From a Certain Point of View
Author: Madeleine Roux
I cried.
I just read it again, the short story “Eclipse” by Madeleine Roux, and I cried one more time.
Tears flowed freely the very first time I read this achingly beautiful entry in the From a Certain Point of View anthology, so I shouldn’t be surprised. Shouldn’t have my breath taken away as well, but yet here we are.
In preparation for every piece in this book, I have rewatched, reread, reanalyzed, re-everything’d everything from the Star Wars universe that is covered here. That is followed by a hatching of a great plan for each essay that would make General Crix Madine proud. Each point is crafted and mulled over (Oh, there is plenty of mulling going on). Each piece is a finely tuned roadmap leading toward a reason we love Star Wars. I had one for this entry. I really did.
We were going to talk about how this story, along with Claudia Gray’s work in Leia: Princess of Alderaan, finally sheds some light on the true nature and character of the pacifist Queen of Alderaan. How it is illuminating to see how much of Breha’s soul made it into Leia. Strong and kind, she was a leader not of the people, but with the people. We were going to spend time on the importance of motherhood in Star Wars. How Breha Organa’s influence was just as important as Bail’s and how fulfilling it is to spend this time with her, even just for a touching few pages.

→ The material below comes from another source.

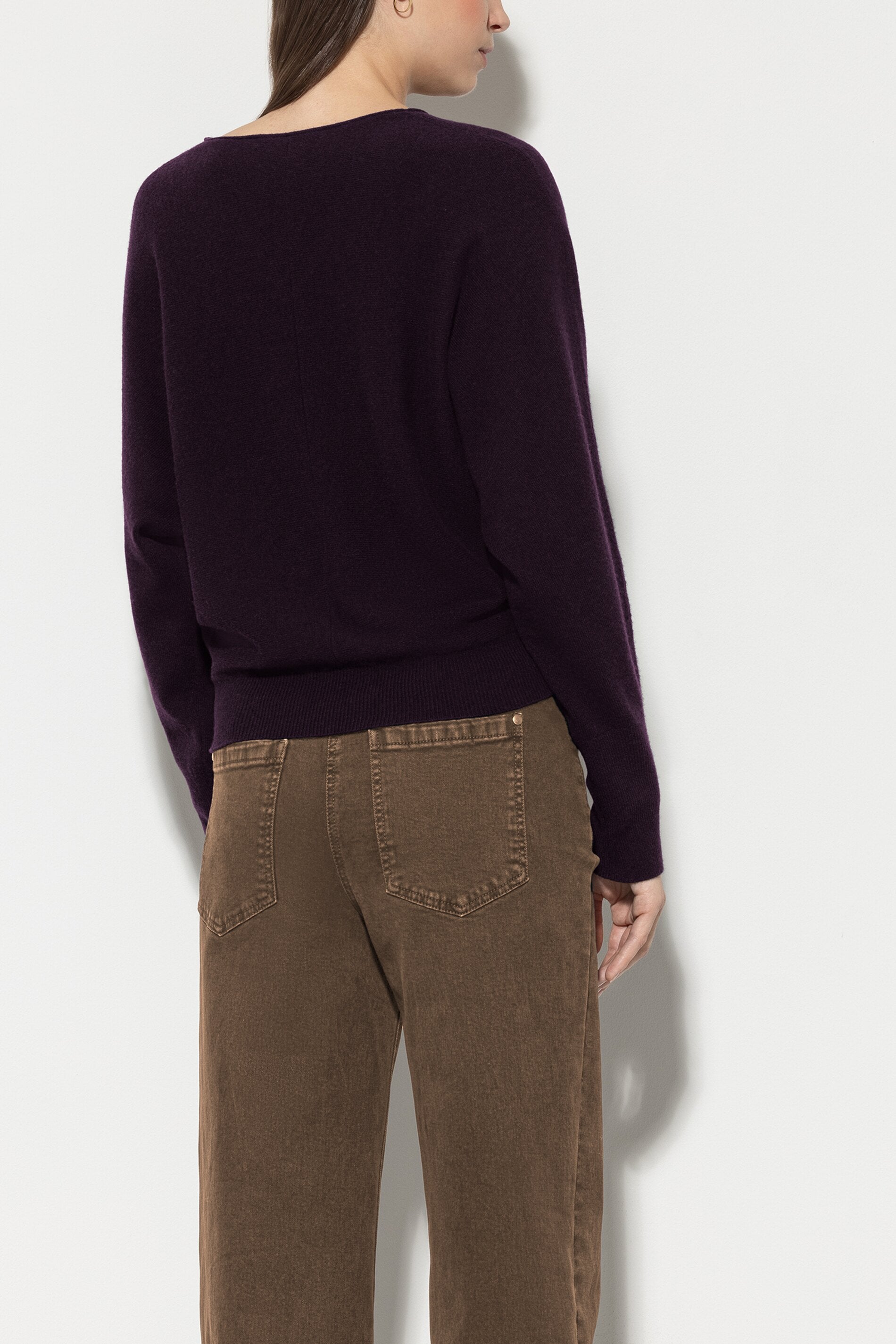 V-shape cashmere-blend sweater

We were going to discuss how the tension builds beautifully in this story, building and building to an emotional crescendo you know is coming, but can never be prepared for. How we get to see Breha gracefully dealing with the mundane duties of leadership while the stress of not knowing the fate of her husband and daughter is tearing her up. A trait Leia would exhibit over and over. A trait she clearly learned from her mother.
I had some great stuff planned about the return of Bail Organa. How he rushes back into the capital and into his wife’s arms, allowing us to see them as two people in love and in need of each other. How it is so subtly crafted you start to see yourself in the story. It evokes the feeling of holding your loved one close. A safe spot from everything that rages on around you. As Breha Organa hears the news that her daughter’s ship was destroyed and her whereabouts unknown, you grieve as a parent. This is Star Wars, but it feels like us.
I really wanted to write about how the destruction of Alderaan is only experienced at a distance in A New Hope. Mostly an emotional distance at that. It’s a flash on screen. A brief moment that forever alters the galaxy and the princess trying to liberate it, that never fully takes hold of us because we are only floating around it. Here, we go in closer and feel it. It grips us. It terrifies us. It rumbles under our feet. This is a veritable horror story. The monster is lurking outside. An approaching evil. And we can do nothing about it. You just have to read on.
Much should be said about the grip of dread that encircles your heart as you read about the Death Star’s arrival above Alderaan, an unnatural eclipse above a beautiful, peaceful planet of pacifists that quickly becomes a target of opportunity. It’s a haunting companion piece to some of the visuals in Rogue One. When the Death Star arrives, the lights go out, forever.
I wanted to write all of this stuff—I’m using ‘stuff’ here because I’m flummoxed—because I wanted to be a prim and proper writer that can deftly explain his feelings, insight, and appreciation of sixteen of the finest pages of a Star Wars story I’ve ever read.
But I can’t.
I can’t because Madeleine Roux wrote the most heart-wrenching, gut-punching Star Wars poetry ever. I can never—I mean never—watch A New Hope again and not think of the final moments of Bail and Breha Organa. After you read “Eclipse,” you cannot watch Vader tighten his grip around Leia, forcing her to watch the destruction of her people, her planet, and her parents, without thinking about Bail wrapping his arms around Breha as the Death Star gets ready to fire. As you stare into the eyes of a young princess about to be left alone in this galaxy at war, you will always think of the final words Bail says to his wife. “She lives.” And as you watch the planet explode on screen, leaving the princess no choice but to find the will to save the galaxy and the strength to lead it, you will never forget the final words Breha says to her husband. “I know.” You cannot watch the sequence you’ve seen in A New Hope for years and years and separate it from the final haunting moments of Bail and Breha Organa. Roux writes, “She felt her husband’s warmth, his breath on her neck, then the scent of ash and smoke, and in the next moment, oblivion.” The Death Star destroyed Alderaan in seconds, but those words make the pain eternal. They are two points of view, forever intertwined as one. You will always think about it…
…and cry.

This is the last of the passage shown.